Description of the task
Reproduce the entries word for word, and omit any picture you find in them.

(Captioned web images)
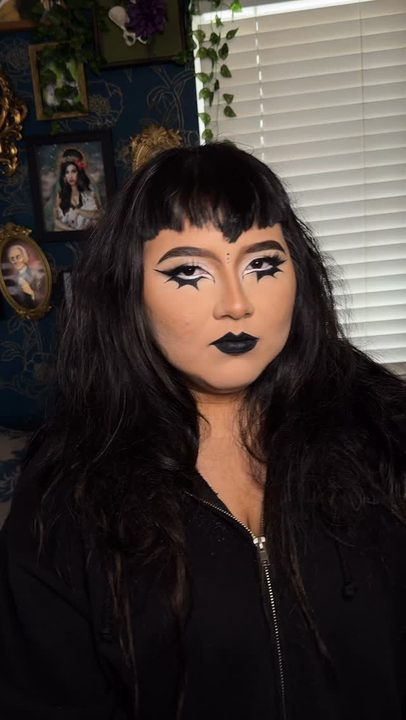 Trad Goth Makeup look For Prom 🖤⛓️
Book me for all of your Alt looks keep them coming I love it!
.
.
#losangelesmakeupartist #lamakeupartist #gothmakeupartist #gothmakeup #tradgoth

Answer to this problem
 Trad Goth Makeup look For Prom 🖤⛓️
Book me for all of your Alt looks keep them coming I love it!
.
.
#losangelesmakeupartist #lamakeupartist #gothmakeupartist #gothmakeup #tradgoth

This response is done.